## DIRECTIONS:
Stop at the line containing "925 Sterling Silver": write out every line from the beginning of the entries up to and including it, minus the pictures.

## TASK INPUTS:
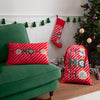 Evans Lichfield HoHoHo Velvet Piped 30cm x 50cm Filled Boudoir Red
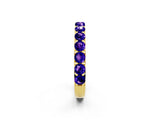 Yellow gold Round Tanzanite Half Eternity Band with Classic Prong Setting_8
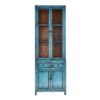 GC796 Vitrina de diseño oriental vintage 78 madera azul con desgastes - Imagen 2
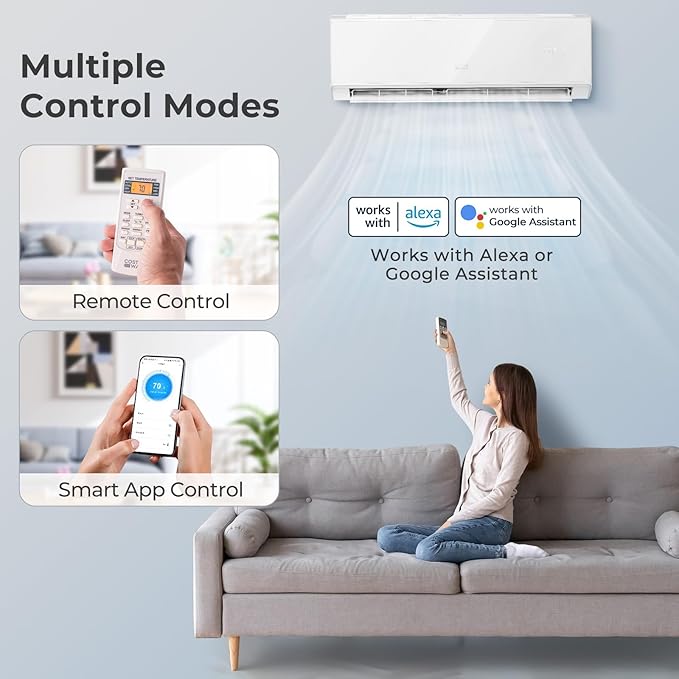 COSTWAY 12000 BTU Wifi Enabled Mini Split Air Conditioner & Heater, 22 SEER2 - Image 3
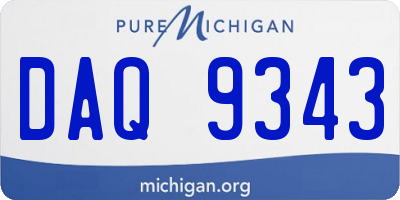 MI license plate DAQ9343
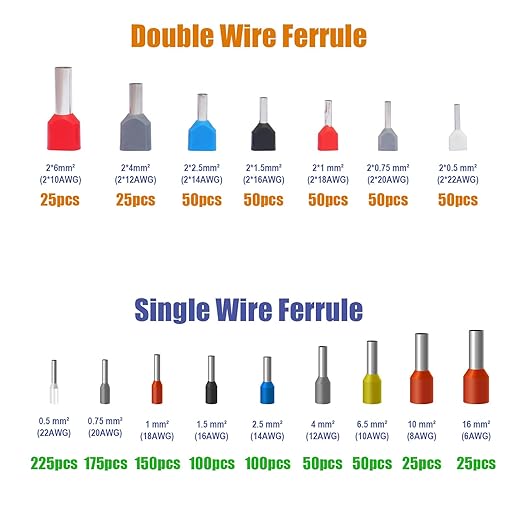 1200pcs Single and Dual Ferrules Terminal Set, AWG 6~22 Single-Line Barrel Ferrules and AWG10~22 Double Wire Ferrule Kit are Widely Applied in Electric, Electronic Industry, Equipment, Industrial,etc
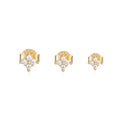 925 Sterling Silver Flower Stud Earrings Set of 3 Zirconia — collection product image 06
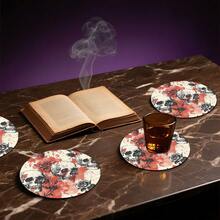 2pcs/4pcs/6pcs Halloween Skull Pattern Printed Silicone Placemats, Halloween Decor, Suitable For Dining Table, Coffee Bar, All Season Decoration, Washable Placemats, Room Decor, Coasters, Draining Mats, Kitchen Dining Table Mats, Indoor Outdoor Party Decor, Home Decor, Ideal Gift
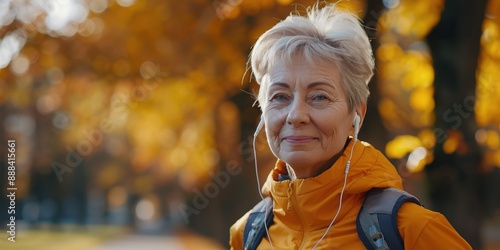 Senior Woman Smiling While Listening to Music in Autumn Park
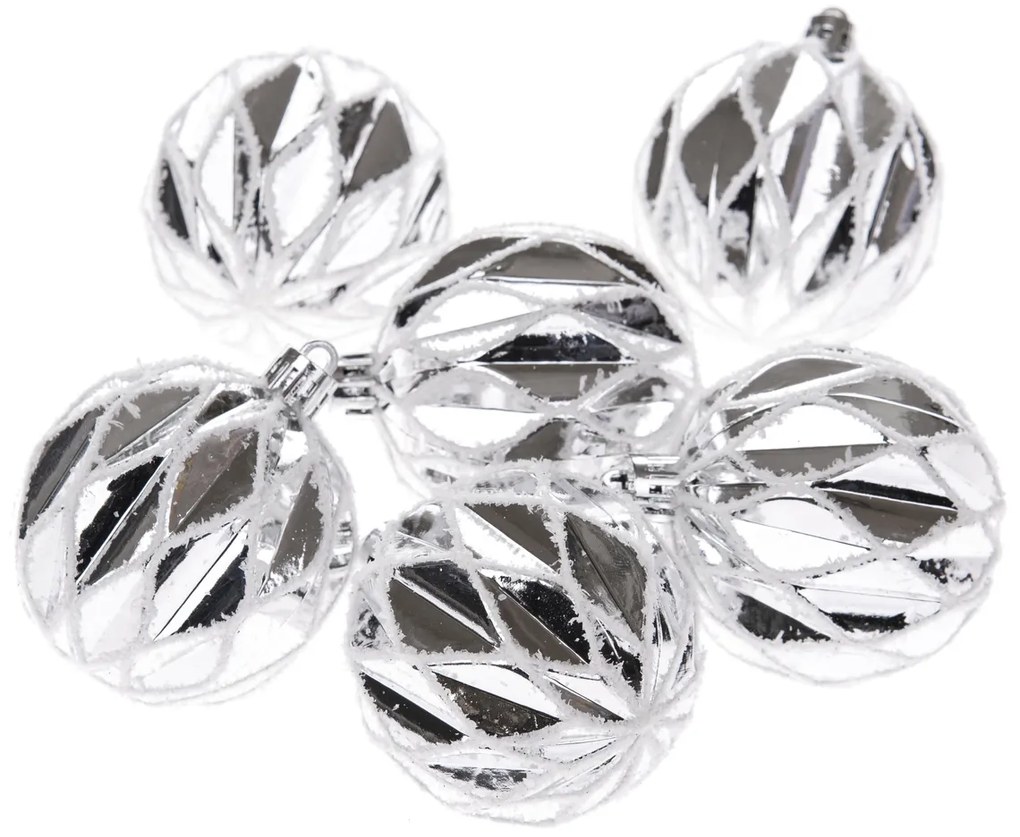 Zestaw ozdób świątecznych Silver shine, 6 szt., śr. 8 cm, plastik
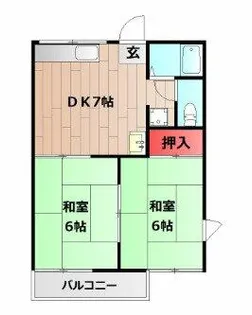 ハイツ野々上【201号室】の間取り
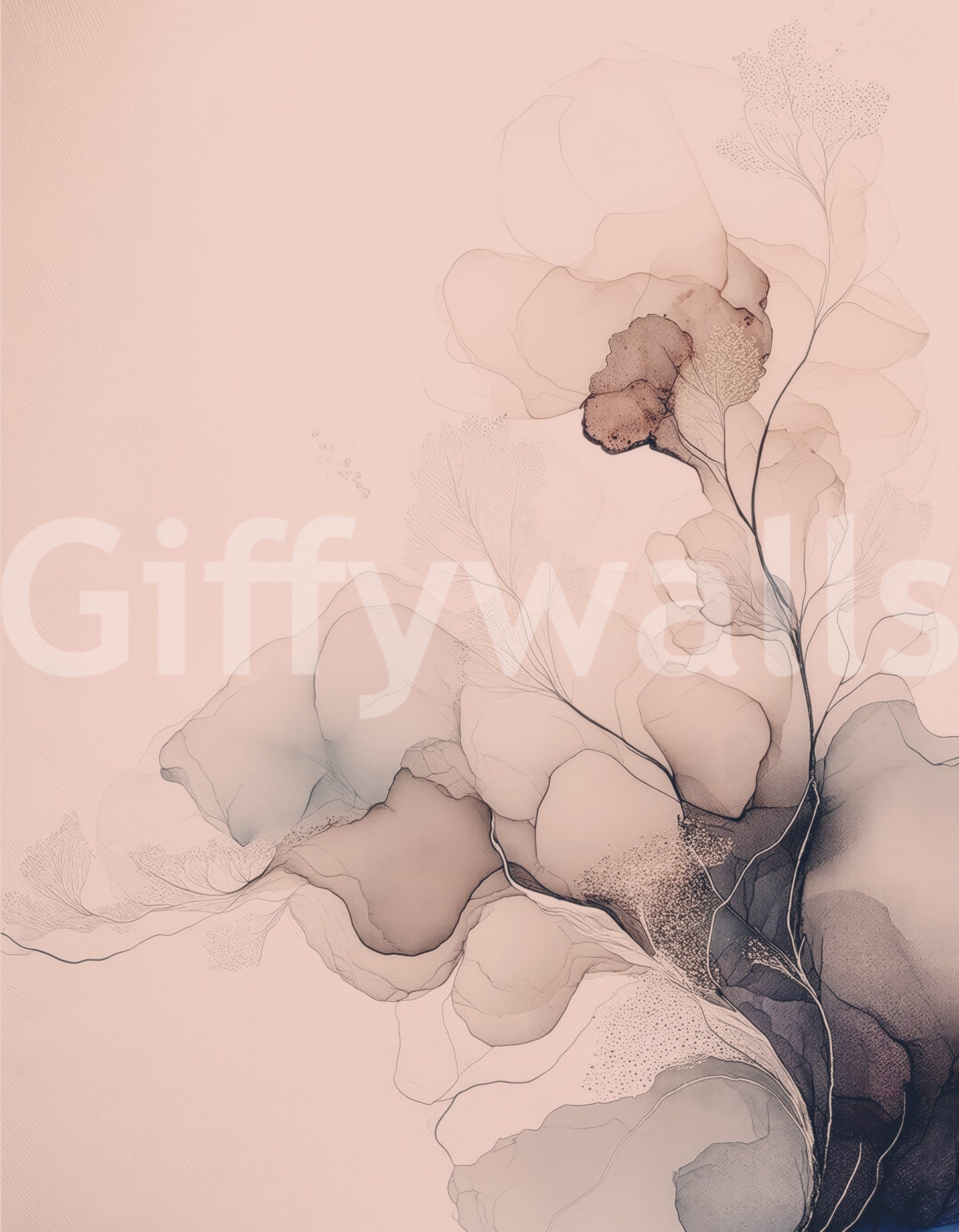 Ethereal mural with smooth flowing forms and minimalist tones perfect for peaceful spaces.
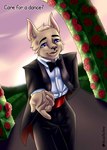 anthro arch black_tie_(suit) blue_eyes bow_tie clothed clothing dialogue flower fur male offering_hand outside plant rose_(flower) solo suit sunset tan_body tan_fur text lanathesheep mythology jack_(jackwolf) canid canine canis dragon hybrid mammal mythological_creature mythological_scalie scalie wolf absurd_res english_text hi_res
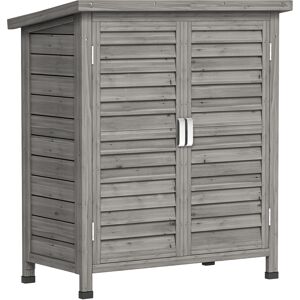 Outsunny Casetta da Giardino con Tetto in Bitume Impermeabile, Armadio Porta Attrezzi da Esterno in Legno, 87x46.5x96.5 cm, Grigio   Aosom Italy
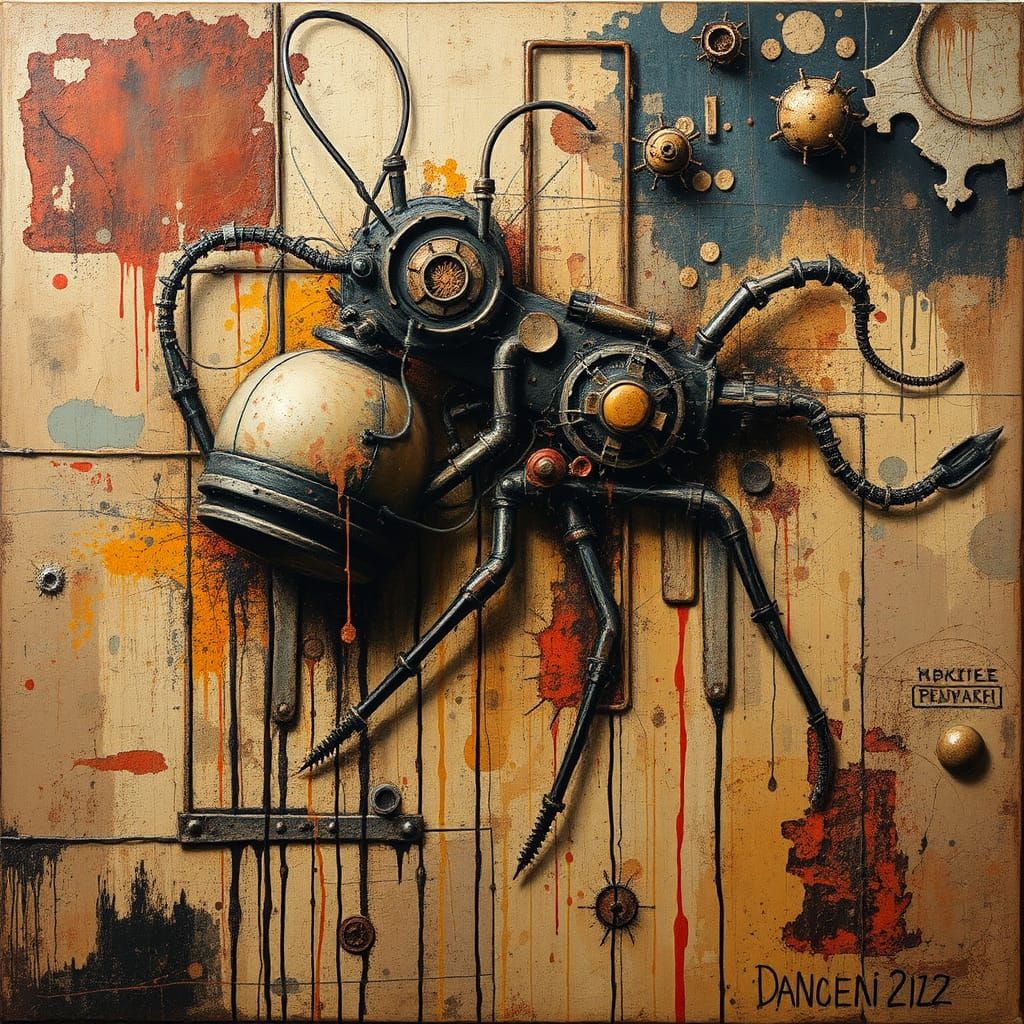 Abstract Expressionist Fusion of Biology and Technology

## RESPONSE TO THIS EXERCISE:
 Evans Lichfield HoHoHo Velvet Piped 30cm x 50cm Filled Boudoir Red
 Yellow gold Round Tanzanite Half Eternity Band with Classic Prong Setting_8
 GC796 Vitrina de diseño oriental vintage 78 madera azul con desgastes - Imagen 2
 COSTWAY 12000 BTU Wifi Enabled Mini Split Air Conditioner & Heater, 22 SEER2 - Image 3
 MI license plate DAQ9343
 1200pcs Single and Dual Ferrules Terminal Set, AWG 6~22 Single-Line Barrel Ferrules and AWG10~22 Double Wire Ferrule Kit are Widely Applied in Electric, Electronic Industry, Equipment, Industrial,etc
 925 Sterling Silver Flower Stud Earrings Set of 3 Zirconia — collection product image 06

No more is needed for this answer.